EU development bank chief sees ending gas funding as test of ‘market credibility’

The European Investment Bank will not let its 'ambitions slip away' at a key meeting this week when national delegates will vote on ending support for fossil fuel projects, says president Werner Hoyer

Finance: the European Investment Bank (EIB) (Image: Ingenhoven Architects / Flickr)

The European Investment Bank (EIB) will not let its 'ambitions slip away' at a key board meeting later this week when national delegates will vote on ending support for fossil fuel infrastructure and exploration, president Werner Hoyer has said.

The EIB proposed halting such financing from 2020 in a draft energy lending policy unveiled in July. However, a vote on the matter was postponed last month, amid reports of pressure from Germany and member states to make exceptions in the case of natural gas.

“Our credibility on the market is now with these ambitions,” Hoyer told reporters in Luxembourg on Monday, four days ahead of a board meeting on 15 November where national delegates are due to return to the matter. “Obviously we are coming more and more to the conclusion that a departure from fossil fuels is unavoidable.

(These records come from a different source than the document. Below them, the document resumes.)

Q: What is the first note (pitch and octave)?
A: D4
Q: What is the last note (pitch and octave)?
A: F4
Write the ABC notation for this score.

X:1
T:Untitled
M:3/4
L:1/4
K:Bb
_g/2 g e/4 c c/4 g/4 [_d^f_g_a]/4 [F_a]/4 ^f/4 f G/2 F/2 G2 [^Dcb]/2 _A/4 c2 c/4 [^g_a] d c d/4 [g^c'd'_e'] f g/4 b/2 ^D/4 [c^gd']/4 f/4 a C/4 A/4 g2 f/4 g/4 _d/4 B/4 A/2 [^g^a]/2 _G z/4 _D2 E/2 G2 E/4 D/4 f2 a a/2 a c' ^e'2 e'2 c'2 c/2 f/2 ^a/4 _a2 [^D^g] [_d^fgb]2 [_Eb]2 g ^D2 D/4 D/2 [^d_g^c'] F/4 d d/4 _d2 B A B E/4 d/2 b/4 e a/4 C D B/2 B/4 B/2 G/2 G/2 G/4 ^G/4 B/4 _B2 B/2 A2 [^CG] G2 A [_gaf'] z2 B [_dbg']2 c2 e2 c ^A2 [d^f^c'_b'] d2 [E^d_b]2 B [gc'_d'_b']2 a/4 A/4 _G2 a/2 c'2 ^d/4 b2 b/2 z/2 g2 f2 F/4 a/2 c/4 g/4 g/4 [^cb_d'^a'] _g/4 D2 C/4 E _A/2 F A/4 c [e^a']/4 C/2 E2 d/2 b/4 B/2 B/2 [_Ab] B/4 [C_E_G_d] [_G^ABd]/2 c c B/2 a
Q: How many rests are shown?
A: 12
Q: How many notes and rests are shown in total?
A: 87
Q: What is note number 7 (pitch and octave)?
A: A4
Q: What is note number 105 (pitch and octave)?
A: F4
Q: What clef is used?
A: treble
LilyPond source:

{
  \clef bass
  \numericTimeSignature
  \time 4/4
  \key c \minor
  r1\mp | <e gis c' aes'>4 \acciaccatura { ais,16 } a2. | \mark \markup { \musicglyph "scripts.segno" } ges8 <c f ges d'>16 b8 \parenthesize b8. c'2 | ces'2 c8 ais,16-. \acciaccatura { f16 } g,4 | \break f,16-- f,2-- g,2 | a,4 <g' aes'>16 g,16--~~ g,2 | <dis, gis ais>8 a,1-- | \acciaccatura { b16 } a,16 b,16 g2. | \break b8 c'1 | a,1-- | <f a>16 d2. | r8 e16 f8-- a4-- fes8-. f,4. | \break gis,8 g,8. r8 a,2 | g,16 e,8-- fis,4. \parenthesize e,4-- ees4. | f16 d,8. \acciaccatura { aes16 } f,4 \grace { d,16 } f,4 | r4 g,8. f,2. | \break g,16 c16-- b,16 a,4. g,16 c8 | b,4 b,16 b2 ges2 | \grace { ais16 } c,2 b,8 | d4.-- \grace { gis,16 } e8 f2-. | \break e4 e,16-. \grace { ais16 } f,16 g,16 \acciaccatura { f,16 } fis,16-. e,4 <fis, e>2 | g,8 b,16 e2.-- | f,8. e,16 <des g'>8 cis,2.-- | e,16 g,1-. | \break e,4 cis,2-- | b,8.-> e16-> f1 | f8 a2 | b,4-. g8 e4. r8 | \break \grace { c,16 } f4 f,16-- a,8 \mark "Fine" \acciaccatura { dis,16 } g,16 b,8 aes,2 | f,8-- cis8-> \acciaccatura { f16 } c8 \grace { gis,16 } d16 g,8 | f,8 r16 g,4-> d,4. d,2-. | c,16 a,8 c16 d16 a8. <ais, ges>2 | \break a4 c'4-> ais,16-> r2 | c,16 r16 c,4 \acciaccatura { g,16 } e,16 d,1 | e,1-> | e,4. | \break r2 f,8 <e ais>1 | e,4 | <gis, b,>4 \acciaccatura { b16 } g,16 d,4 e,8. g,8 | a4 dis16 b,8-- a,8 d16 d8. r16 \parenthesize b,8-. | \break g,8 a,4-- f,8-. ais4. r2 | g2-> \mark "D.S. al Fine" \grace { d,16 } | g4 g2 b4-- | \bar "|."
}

“We need to act now,” he added, citing a UN report that last suggested the cut off point to prevent a global temperature rise of 1.5 degrees from pre-industrial levels could be as early as 2030.

Hoyer acknowledged the political reality of jobs and the economy in regions that are currently dependent on fossil fuels, and said the EIB was focussing development funding on such regions. “This is politically important because those governments are under huge pressure to preserve as much transition time as possible.”

However, the decision to end fossil fuel funding was also based on hard economic reality, he implied. “We have to act as reasonable and responsible bankers,” Hoyer said.

“We can maintain a balance sheet of €600bn only if we have the trust of the investors,” he said, giving the example of investing in a coal plant with a planned lifetime of 40 years that would “have to be written off within 10 to 15 years”.

“A proactive decision in favour of such an investment is programming stranded assets,” Hoyer said.

“The basic question is do we agree on the need to move away from fossil fuels, this seems to be [supported by] the overriding majority of the member states of the EU,” Hoyer said, referring to a meeting on EU finance ministers last Friday.

He also restated the EIB's intention to increase the share of its funding directed at climate action from 28% to 50% by 2025.

The EIB looks forward to working with incoming European Commission, but took issue with incoming president-elect Ursula van der Leyen's pledge to turn it into a ‘climate bank’.

“This is the wrong comprehension of what is happening here: we are the climate bank, and the climate part of our activities is going to increase, and there will be no other player in the world whose role is bigger than this,” Hoyer said.

He stressed that climate impact must be considered in all the bank's activities: it would be a “catastrophe” to separate the bank's business into 50% climate action while “with the other 50% we finance the dirty stuff that remains”.